MCW #1284
Ming Zhao, PhD
Research at the Medical College of Wisconsin has demonstrated the unique imaging properties of 99mTc-duramycin which could meet the demanding criteria for a safe and accurate diagnostic cardiac imaging agent. Comprised of 19 amino acids, duramycin is the smallest known polypeptide with a defined 3-dimensional binding structure. Duramycin binds phosphatidylethanolamine (PtdE) at a 1:1 ratio with high affinity and exclusive specificity. PtdE is externalized to the surface of apoptotic cells and is also accessible in necrotic cells making it an ideal biomarker candidate for detection of acute coronary artery disease. This novel radiopharmaceutical has demonstrated favorable pharmacokinetic and biodistribution profiles in vivo with fast blood clearance and low hepatic and gastrointestinal uptake and allows prompt and conspicuous imaging within minutes after injection (Figure 1). In addition, 99mTc-duramycin has shown utility for binding to atherosclerotic plaque (Figure 2) demonstrating its broad applicability and potential as an ideal imaging agent for the detection of acute coronary artery disease.

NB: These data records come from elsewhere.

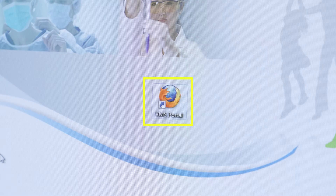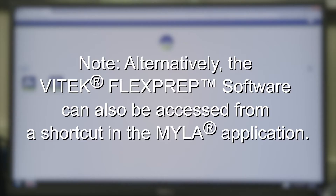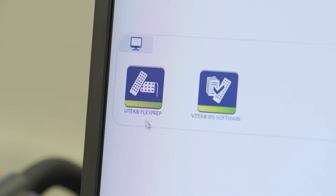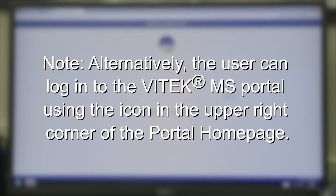To access the Vitec FlexPrep software, first click the desktop shortcut icon to access the BLMaryU portal page or enter the IP address. Alternatively, the Vitec FlexPrep software can also be accessed from a shortcut in the Myla application. Next, click the Vitec FlexPrep icon on the portal home page to log in. Alternatively, the user can log in to the Vitec MS portal in the upper right corner of the portal home page.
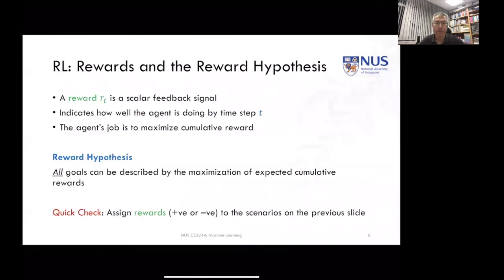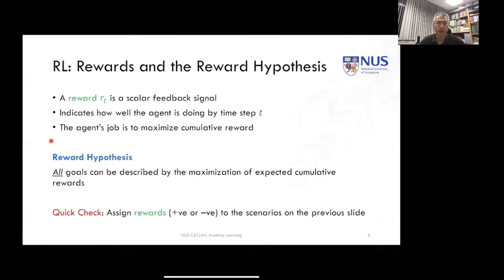First and foremost in reinforcement learning is the idea of a reward. A reward is some type of scalar feedback signal — as simple as that. We boil everything down, whether it's a vector representation, something that changes over time, or multiple dimensions of what you care about, into a single scalar signal. Think of it as a dimensionality reduction to a single value, specific to a particular time step T, that tells us how well we're doing. The agent must maximize the cumulative reward over all time steps.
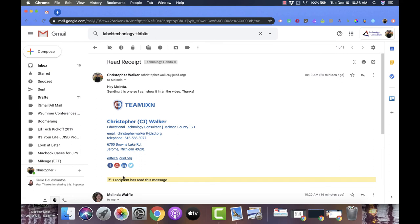That at the bottom it has this yellow line and it says recipient has read this message. And you can even click the plus button and open that up and it will show you all the emails of the people who have read it.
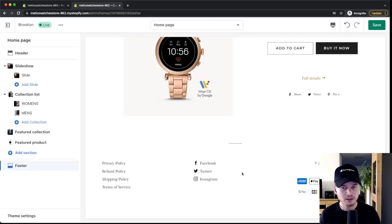Now that we've gone through all the most important settings, it's time to test your store. In the Shopify dashboard under Online Store, click the eye icon to open your store. Go through the entire checkout process, click all buttons, and make sure everything works perfectly before running ads or publishing. Once you've tested everything, you're basically ready to launch your store.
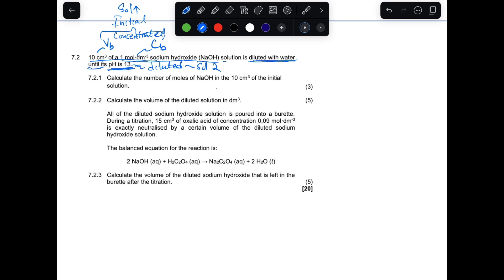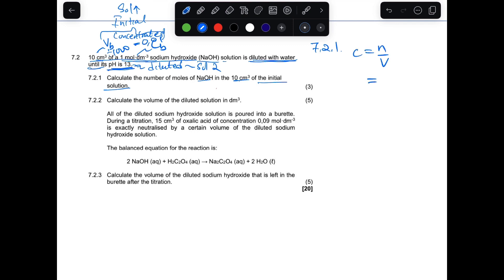7.2.1 asks to calculate the number of moles of sodium hydroxide in the 10 cm³ initial solution. You take the volume and divide by 1000, giving 0.01 dm³. Using the formula c = n/v, with concentration = 1 and volume = 0.01, the number of moles of sodium hydroxide initially is 0.01 mol.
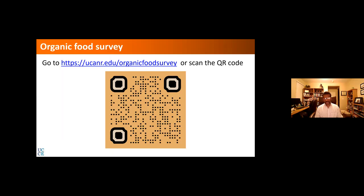I asked Dr. KK to share a survey link before this talk. It is important for me to measure your understanding of sustainable agriculture or food production in general before I give this presentation. About 60 people have responded. You can use your phone camera to scan the QR code or type in the URL — it only takes a minute to submit your input.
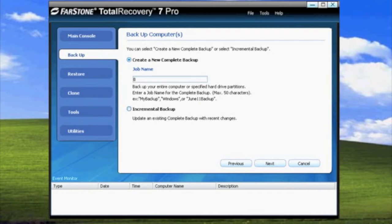The first thing you will need to do is name the backup. We will name this backup, Backup. After you name your backup, clicking Next will bring you to a screen which will show all the drives that are on your computer.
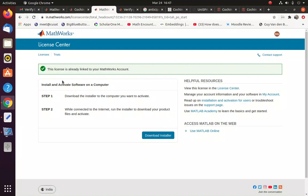Now you will be logged in to the portal. So you can see here, this license is linked to the MathWorks account. So basically what you have done is you have created a MathWorks account with your CUSAT email ID. So without CUSAT email ID, nobody will be able to access this facility.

Among acute coronary syndrome (ACS) cases, the ones with atypical symptoms pose a significant challenge in emergency medicine. An imaging technique that can expedite, with specificity, the diagnosis of equivocal ACS cases could facilitate the management of chest pain in patients and provide further insight in understanding heart diseases. Imaging of acute cell death with a novel radiopharmaceutical, 99mTc-duramycin, allows for the rapid assessment (<3 hours) of heart tissue damage during cardiac infarction. The ability to discriminate cardiac infarction from other non-threatening maladies allows the patient to be released from the hospital instead of waiting up to 24 hours in a hospital bed awaiting laboratory results.
- Diagnose cardiac infarction in <3 hours - Images necrotic and apoptotic cardiac tissue as well as atherosclerotic plague - Excellent biodistribution and pharmacokinetic properties - Low toxicity and immunogenicity - Compatible with standard nuclear imaging platforms (SPECT, Planar, Gated)
- Images necrotic and apoptotic cardiac tissue as well as atherosclerotic plague
- Excellent biodistribution and pharmacokinetic properties
- Low toxicity and immunogenicity
- Compatible with standard nuclear imaging platforms (SPECT, Planar, Gated)
Preclinical studies in mouse, rat, dog and pig.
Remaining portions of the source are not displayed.